Avec la disparition de Marcel Boiteux, économiste et mathématicien, directeur et président d’EDF, la France perd un grand serviteur de l’Etat, qui fut l’architecte du programme nucléaire français et par-là, un bâtisseur infatigable de la souveraineté de la Nation et du rayonnement de la France. 

Né en 1922 à Niort, dans une famille de Normaliens et de Polytechniciens, Marcel Boiteux fit le choix de rejoindre les rangs des premiers, alors même qu’il allait, par la suite, être appelé à diriger les seconds. Reçu rue d’Ulm en Sciences en 1942, sa trajectoire académique éclatante fut brutalement interrompue. Ainsi, en 1943, pour s’affranchir du STO, il dût franchir la Méditerranée en direction du Maroc, traversant clandestinement la frontière espagnole par le pays basque. Engagé dans l’Armée d’Afrique, il témoigna d’un courage exemplaire, pendant la campagne d’Italie puis lors de la libération de la France, actes de bravoure qui lui valurent la Croix de Guerre. 

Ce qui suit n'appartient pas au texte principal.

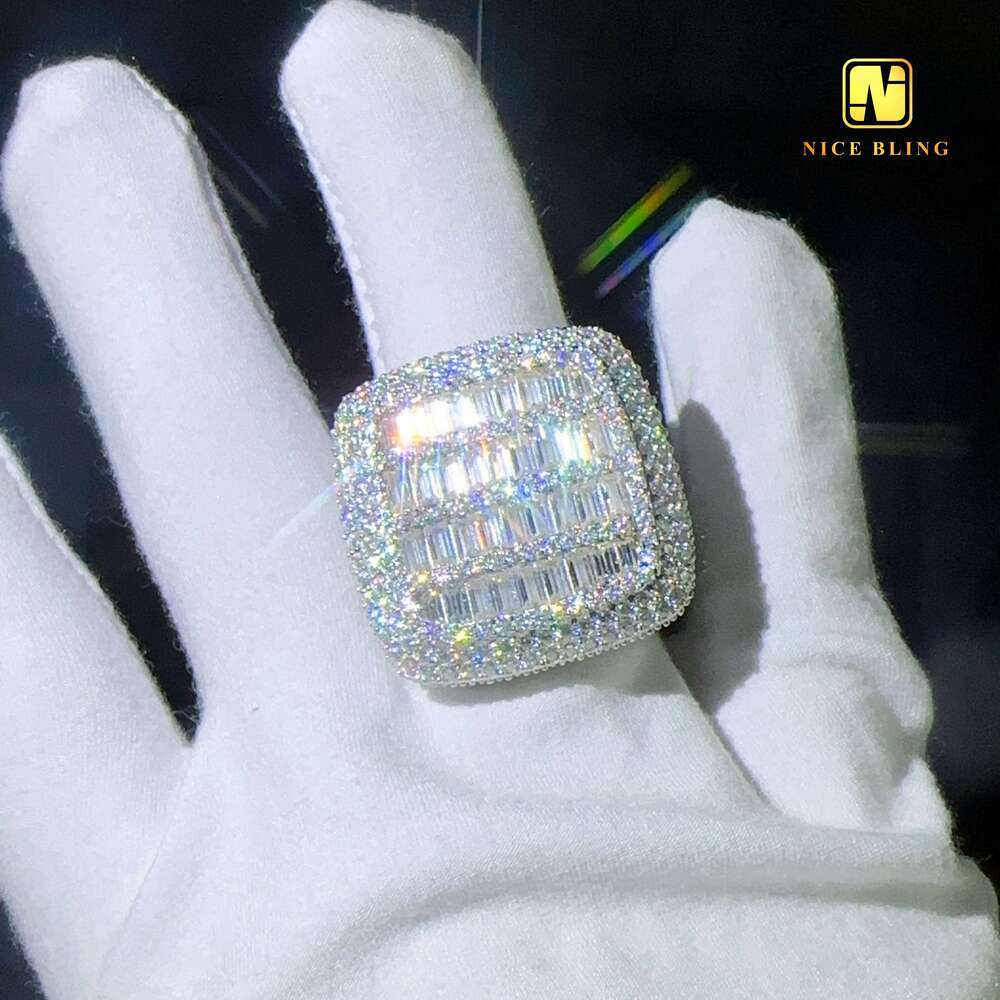 Iced out jewelry hip hop sier moissanite diamond men rings large square shape engagement ring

Aux lendemains du conflit, Marcel Boiteux reprit le cours de ses études. Son intérêt à parts égales pour la science des nombres et l’art de l’administration lui fit décrocher successivement en 1946 et en 1947, l’agrégation de mathématiques et son diplôme de l’Institut d’études politiques de Paris. Il rejoignit alors les rangs du CNRS, puis, en 1949, ceux de « l’EDF » nouvellement nationalisée, sur recommandation de son mentor, ami, et futur prix Nobel d’économie Maurice Allais.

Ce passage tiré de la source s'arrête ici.